**Material provided**

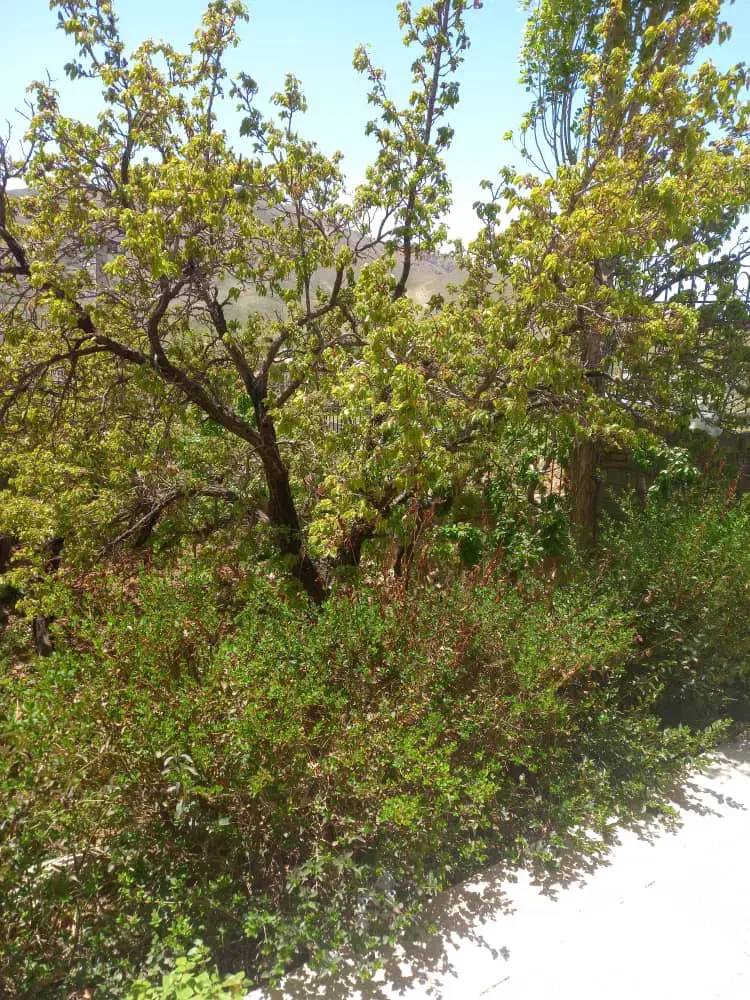 زمین (کاربری باغ مسکونی) مشا دشت مشا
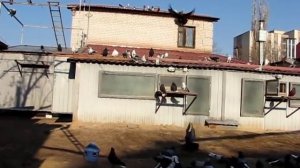 Николаевские голуби Сергея Родионова (О голубиной охоте). Волгоград. Часть 20.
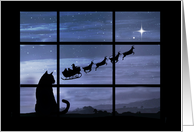 Cute Cat and Santa Christmas Happy Holidays card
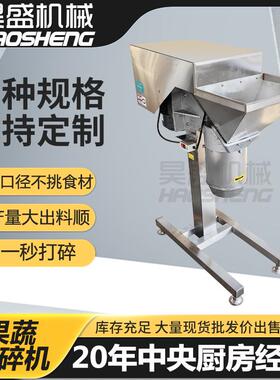 现货供应小黄姜打碎机雪梨苹果商用打碎设备商用芹菜打碎机器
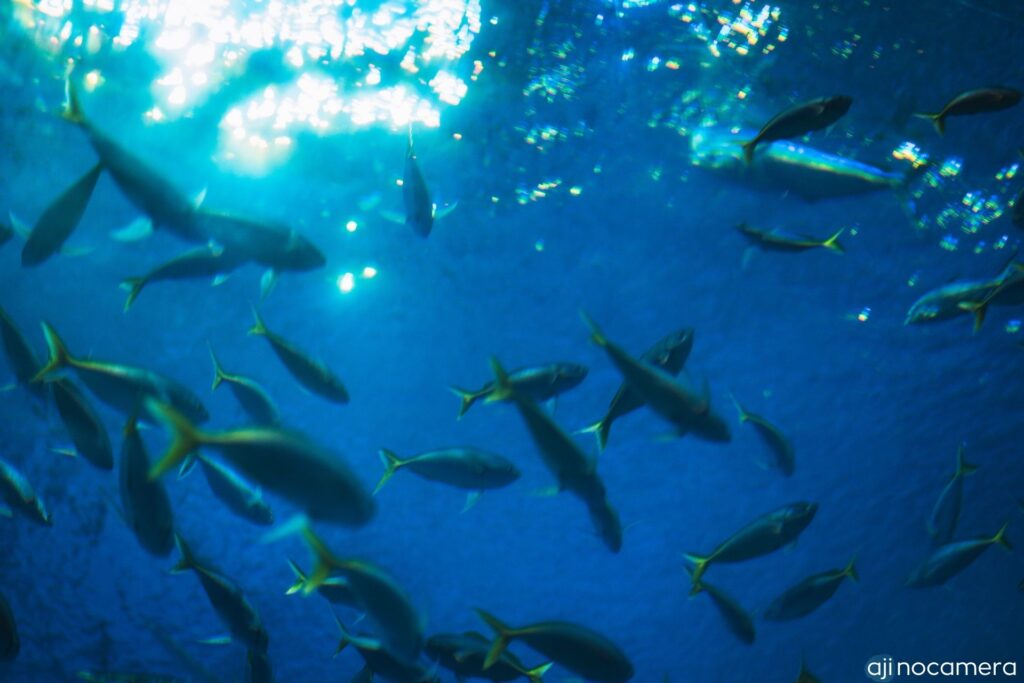 水族館でのブレた写真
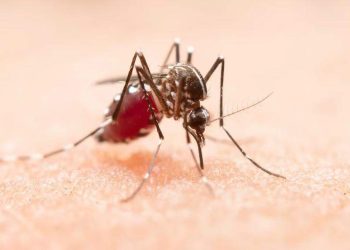 Dengue: ES registra quase 5,6 mil casos prováveis nas primeiras semanas de 2024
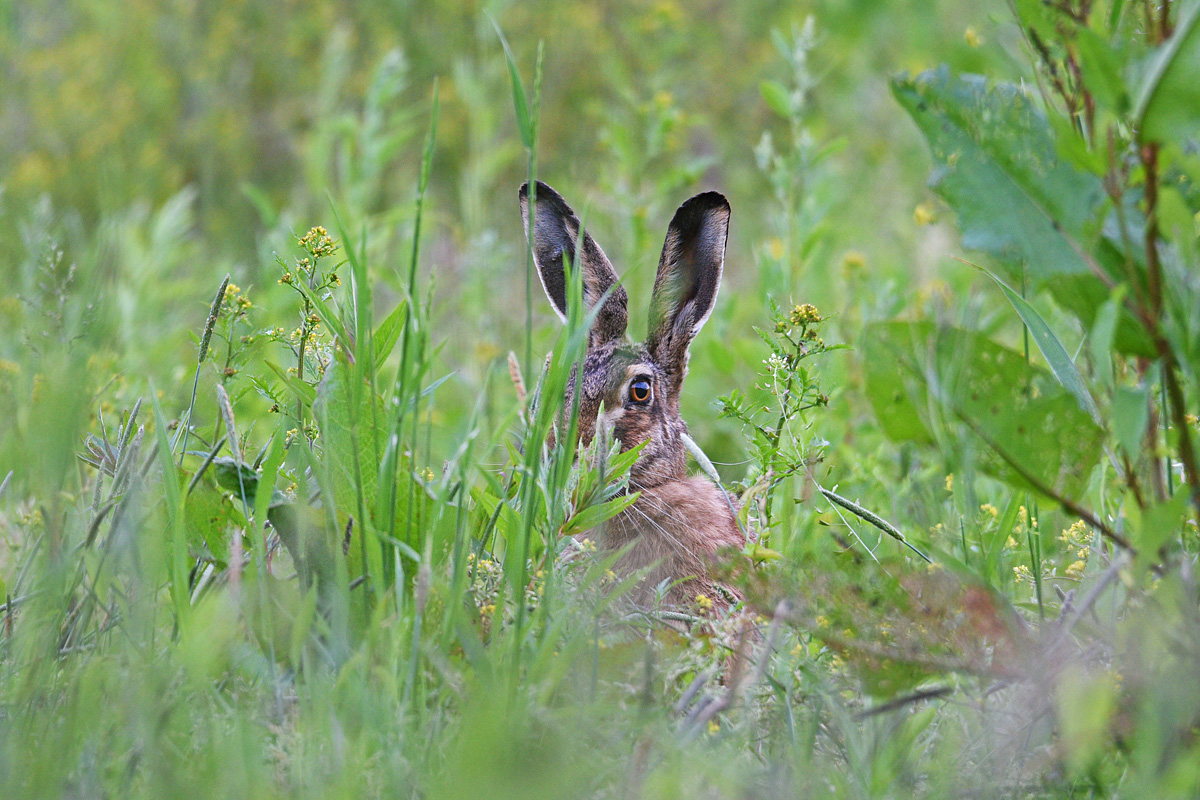 810 9620at7l10fks30p1f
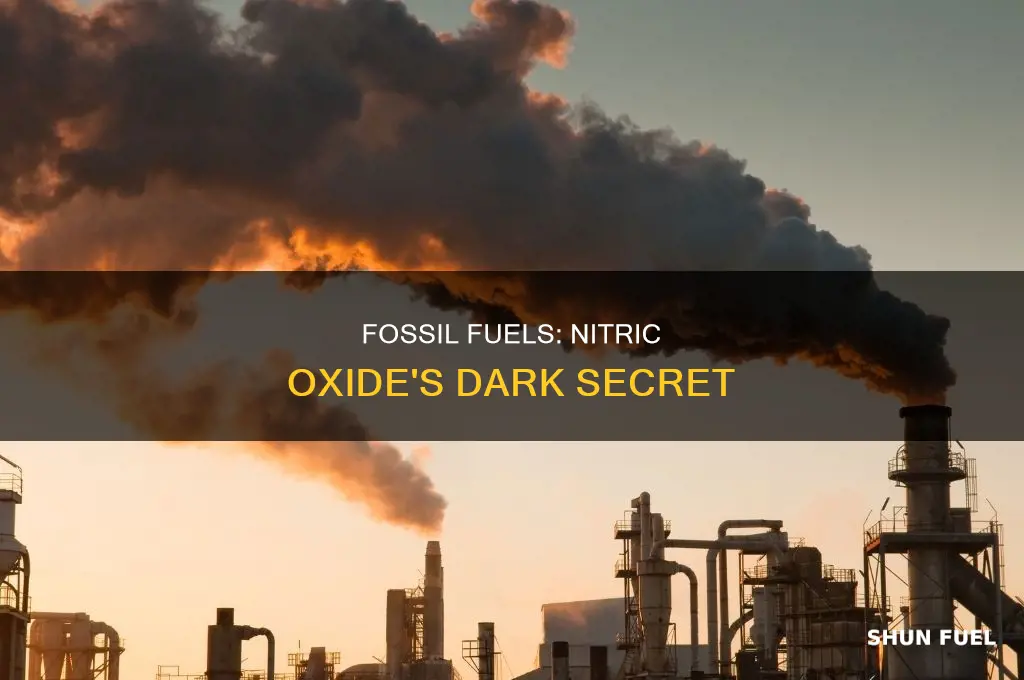 does burning fossil fuels produce nitric oxide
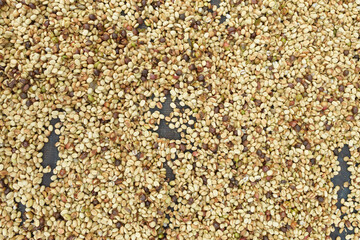  Close up of coffee beans for background                                                               
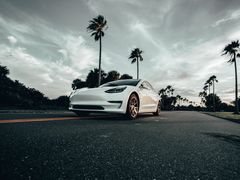 -TESLA 特斯拉(深圳观澜特斯拉直营钣喷中心)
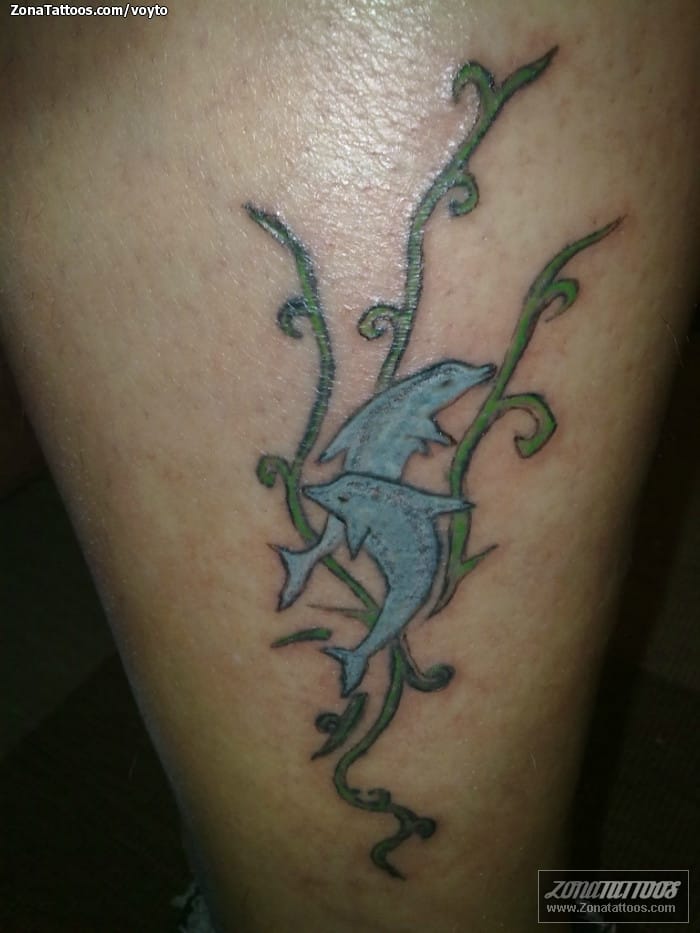 Tattoo photo Animals, Dolphins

**What you need to do**
Pictures do not belong in your copy; restate word for word the lines from the one containing "does burning fossil" through the last line of the records above.

**Result of this exercise**
 does burning fossil fuels produce nitric oxide
  Close up of coffee beans for background                                                               
 -TESLA 特斯拉(深圳观澜特斯拉直营钣喷中心)
 Tattoo photo Animals, Dolphins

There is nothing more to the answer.